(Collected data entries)
+++
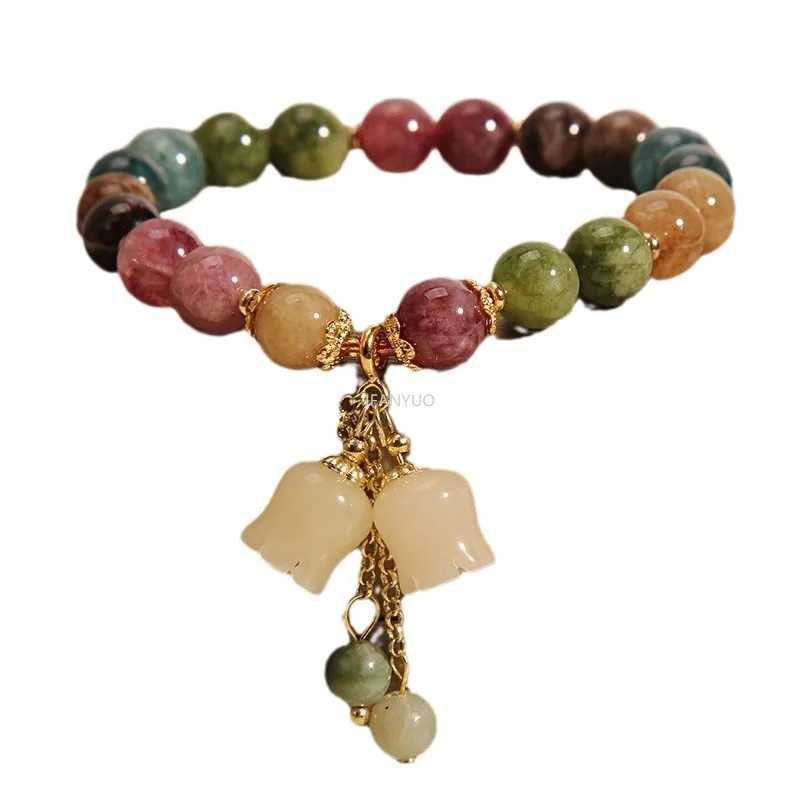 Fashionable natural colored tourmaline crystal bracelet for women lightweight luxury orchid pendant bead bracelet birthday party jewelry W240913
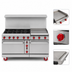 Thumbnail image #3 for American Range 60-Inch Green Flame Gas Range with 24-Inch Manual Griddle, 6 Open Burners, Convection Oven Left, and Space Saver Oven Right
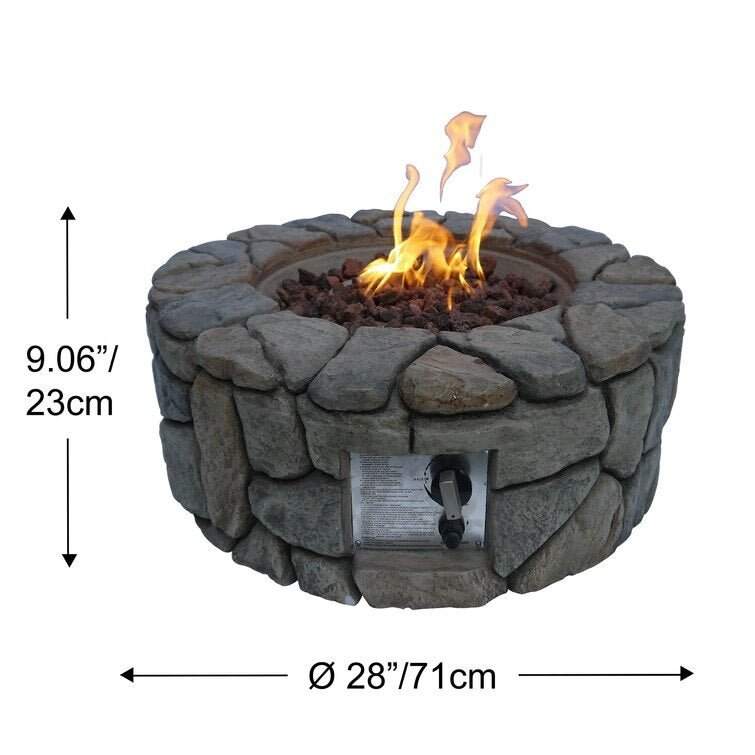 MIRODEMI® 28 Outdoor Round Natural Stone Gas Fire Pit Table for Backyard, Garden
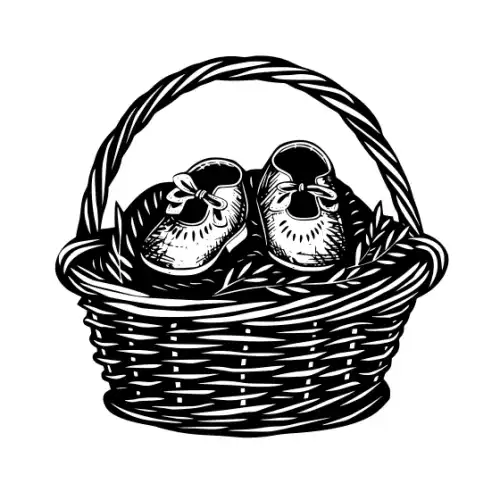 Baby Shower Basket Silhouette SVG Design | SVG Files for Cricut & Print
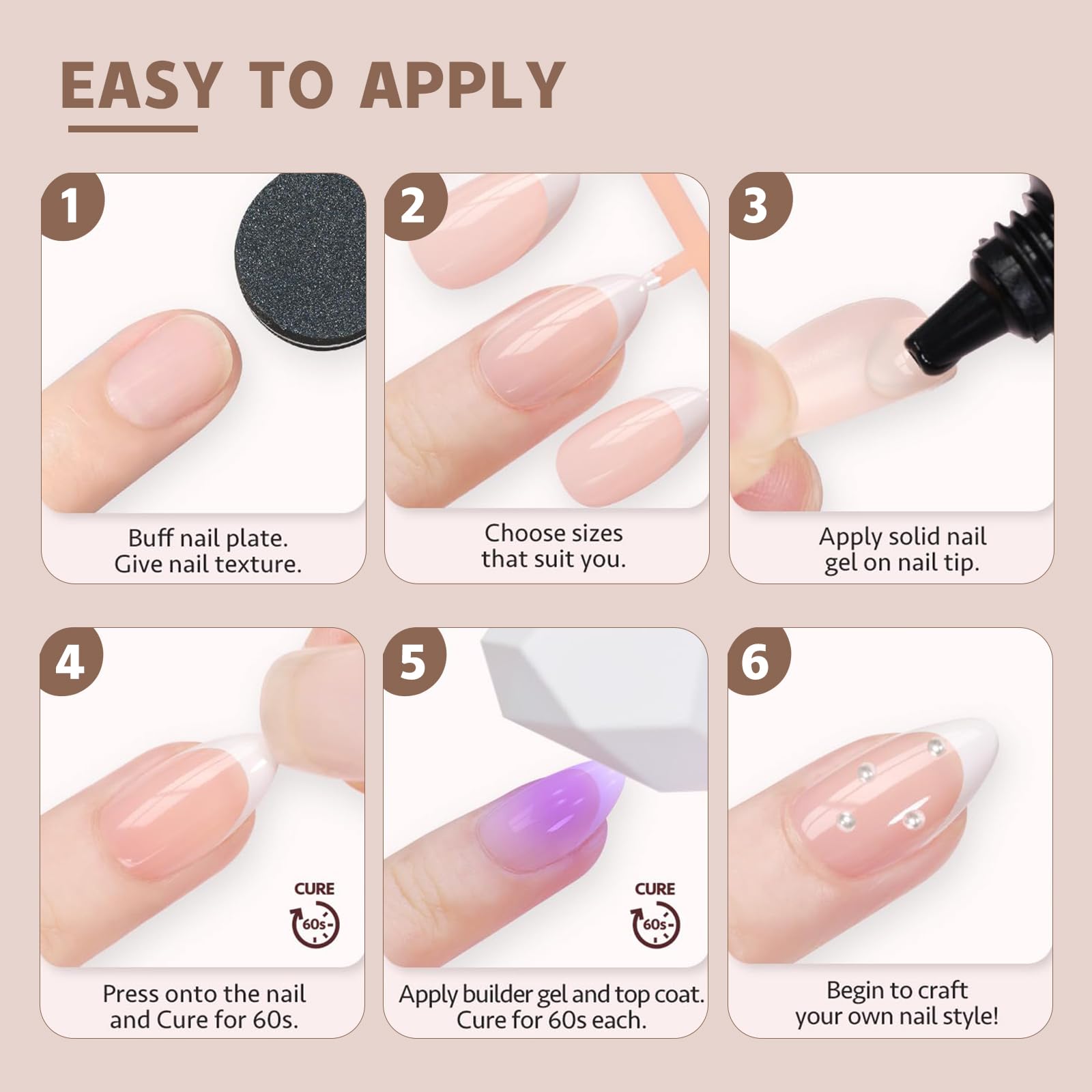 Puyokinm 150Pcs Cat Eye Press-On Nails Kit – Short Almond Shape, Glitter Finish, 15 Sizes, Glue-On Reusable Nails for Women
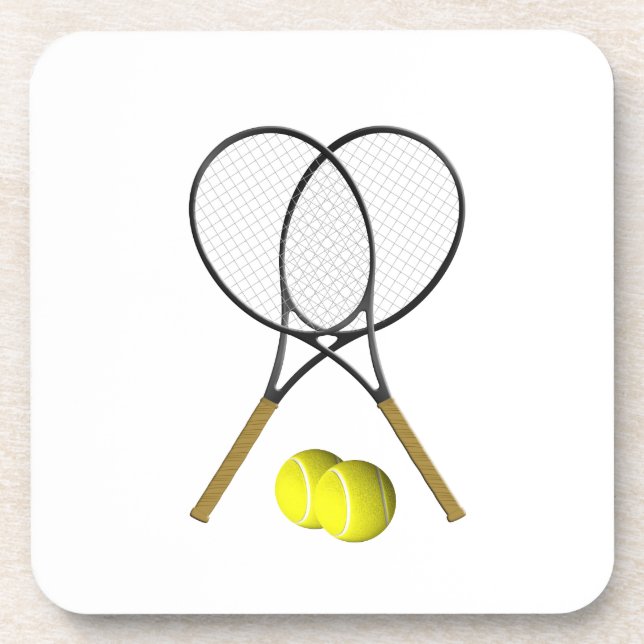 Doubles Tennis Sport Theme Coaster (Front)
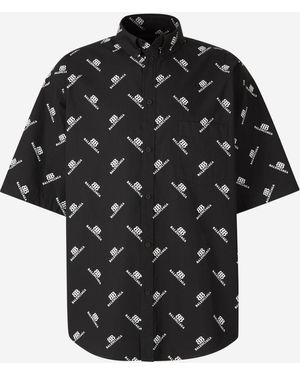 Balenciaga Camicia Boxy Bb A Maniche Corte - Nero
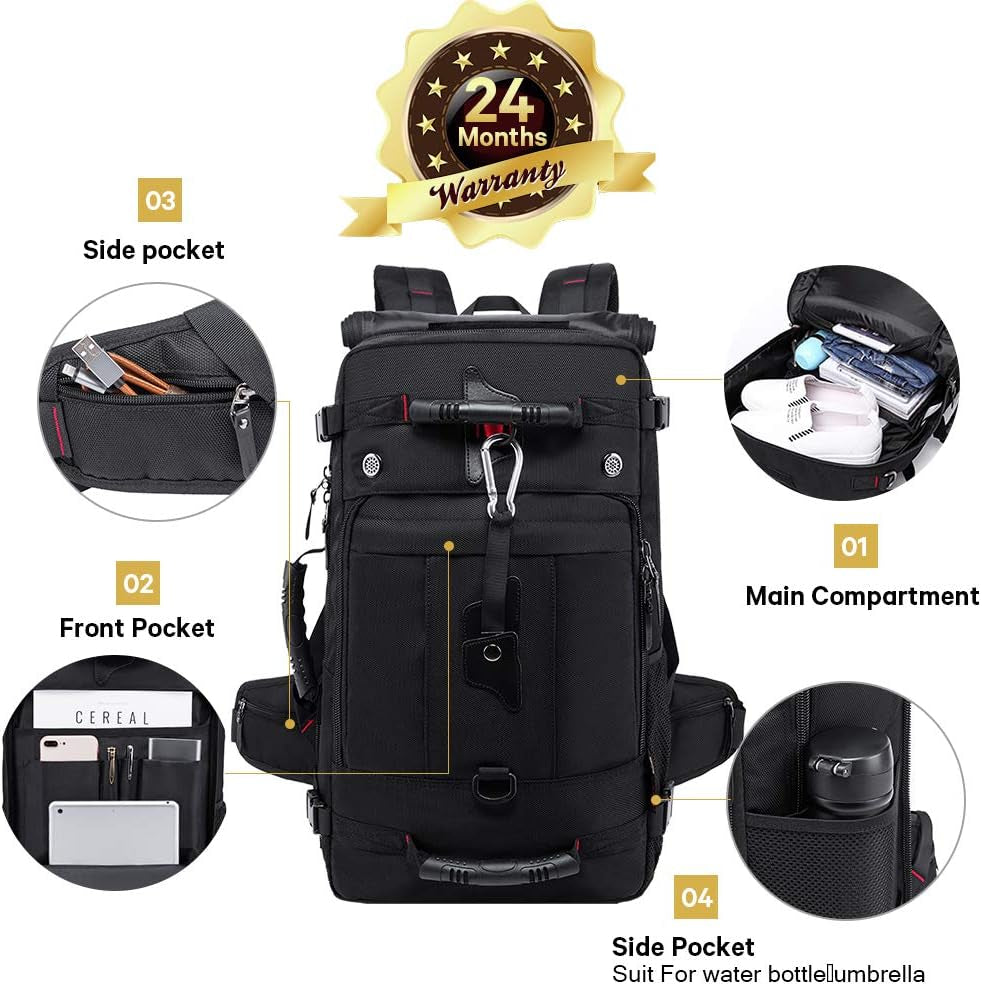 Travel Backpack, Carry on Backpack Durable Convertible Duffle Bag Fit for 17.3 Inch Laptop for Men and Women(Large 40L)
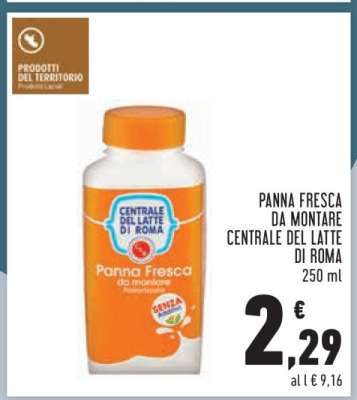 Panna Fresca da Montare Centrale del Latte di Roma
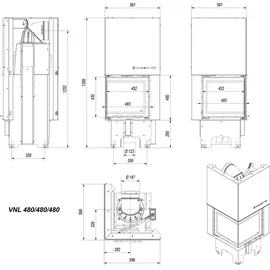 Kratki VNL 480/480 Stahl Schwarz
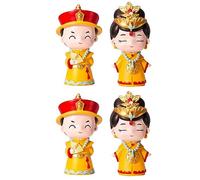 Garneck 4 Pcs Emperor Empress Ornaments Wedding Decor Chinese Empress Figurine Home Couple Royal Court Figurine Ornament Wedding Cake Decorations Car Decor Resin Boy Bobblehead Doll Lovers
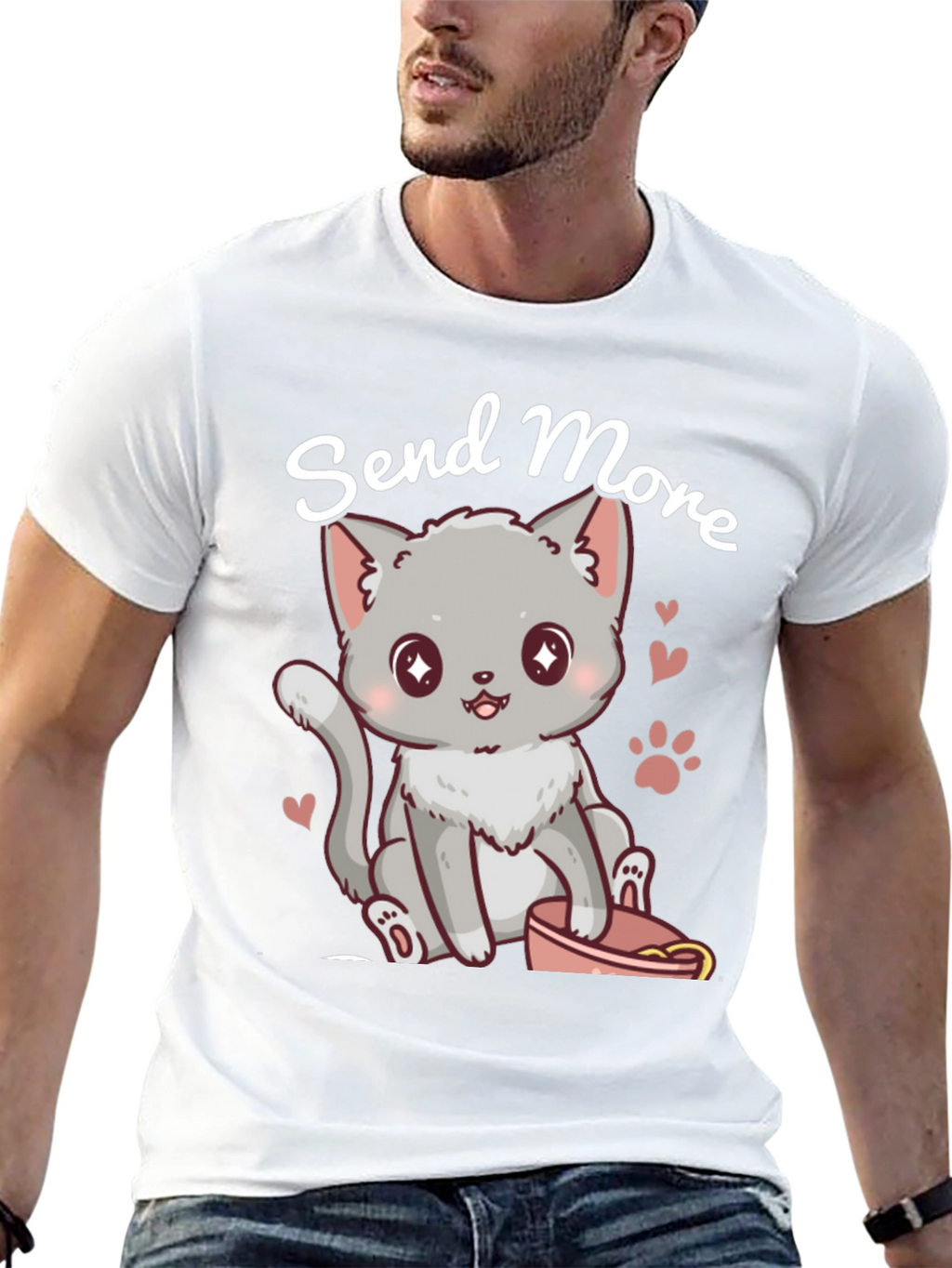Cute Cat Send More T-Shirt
+++
(How to complete this task):
Print all the lines above exactly as they are, but without the pictures.

(Exercise answer):
 Fashionable natural colored tourmaline crystal bracelet for women lightweight luxury orchid pendant bead bracelet birthday party jewelry W240913
 Thumbnail image #3 for American Range 60-Inch Green Flame Gas Range with 24-Inch Manual Griddle, 6 Open Burners, Convection Oven Left, and Space Saver Oven Right
 MIRODEMI® 28 Outdoor Round Natural Stone Gas Fire Pit Table for Backyard, Garden
 Baby Shower Basket Silhouette SVG Design | SVG Files for Cricut & Print
 Puyokinm 150Pcs Cat Eye Press-On Nails Kit – Short Almond Shape, Glitter Finish, 15 Sizes, Glue-On Reusable Nails for Women
 Doubles Tennis Sport Theme Coaster (Front)
 Balenciaga Camicia Boxy Bb A Maniche Corte - Nero
 Travel Backpack, Carry on Backpack Durable Convertible Duffle Bag Fit for 17.3 Inch Laptop for Men and Women(Large 40L)
 Panna Fresca da Montare Centrale del Latte di Roma
 Kratki VNL 480/480 Stahl Schwarz
 Garneck 4 Pcs Emperor Empress Ornaments Wedding Decor Chinese Empress Figurine Home Couple Royal Court Figurine Ornament Wedding Cake Decorations Car Decor Resin Boy Bobblehead Doll Lovers
Cute Cat Send More T-Shirt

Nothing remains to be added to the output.